• _Extracted records_:
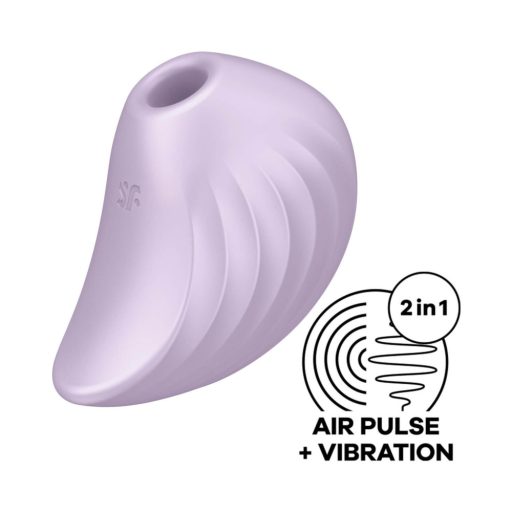 Satisfyer Pearl Diver - léghullámos csikló vibrátor (viola)
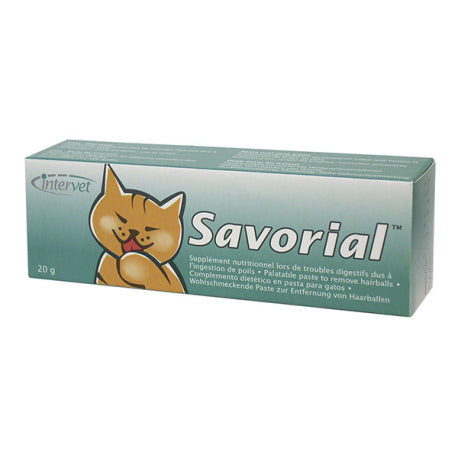 Savorial 20G - pasta oral para gatos, bolas de pelo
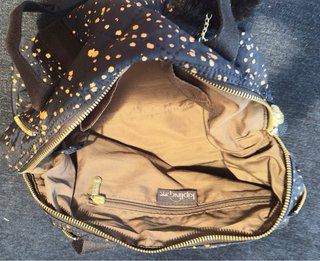 Bolso Kipling Negro y Dorado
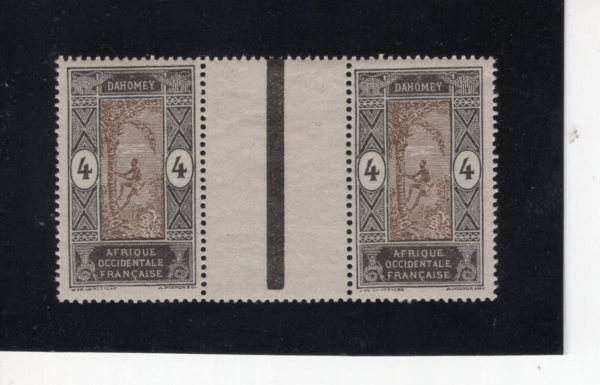 DAHOMEY(��ȣ��)-PAIRS-#44-4c-MAN CLIMBING OIL PALM(�⸧���ڳ����� ������ ����)-1913��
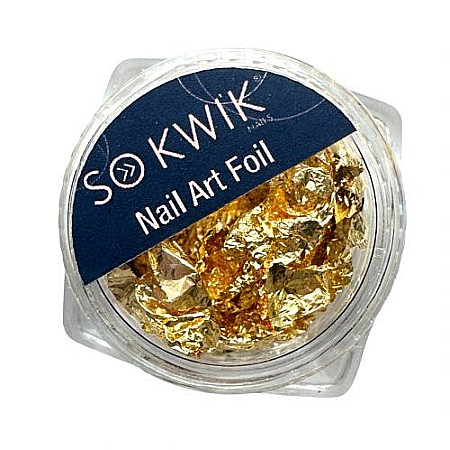 Ornamente - SoKwik - Nail Art Foil GOLD (02)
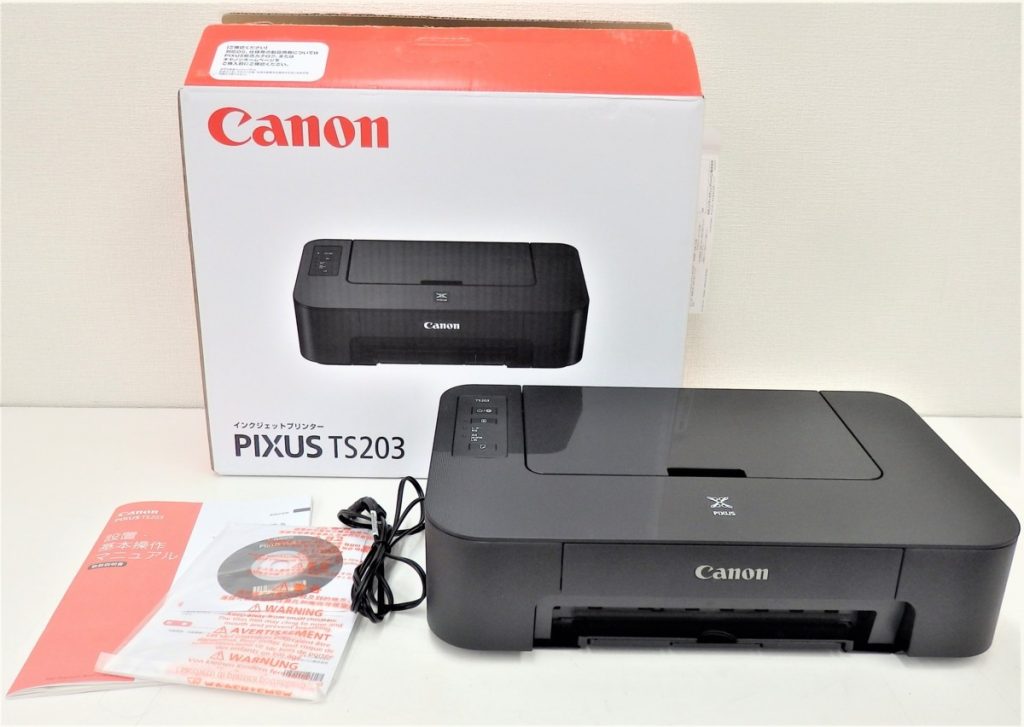 Canon PIXUS TS203 キャノン インクジェットプリンター 箱 説明書付き ...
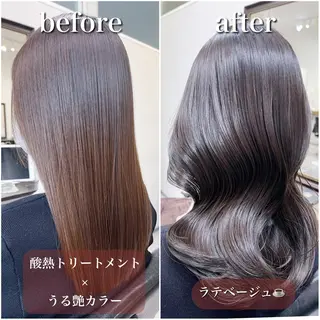 ロング カラー 酸熱トリートメント/ 髪質改善🌟玉井香奈のヘアスタイル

• _Instructions to follow_: Repeat the line containing "Canon PIXUS TS203" and every line after it up to the end of the material above, exactly as they stand, minus the pictures.

• _Exercise answer_:
 Canon PIXUS TS203 キャノン インクジェットプリンター 箱 説明書付き ...
 ロング カラー 酸熱トリートメント/ 髪質改善🌟玉井香奈のヘアスタイル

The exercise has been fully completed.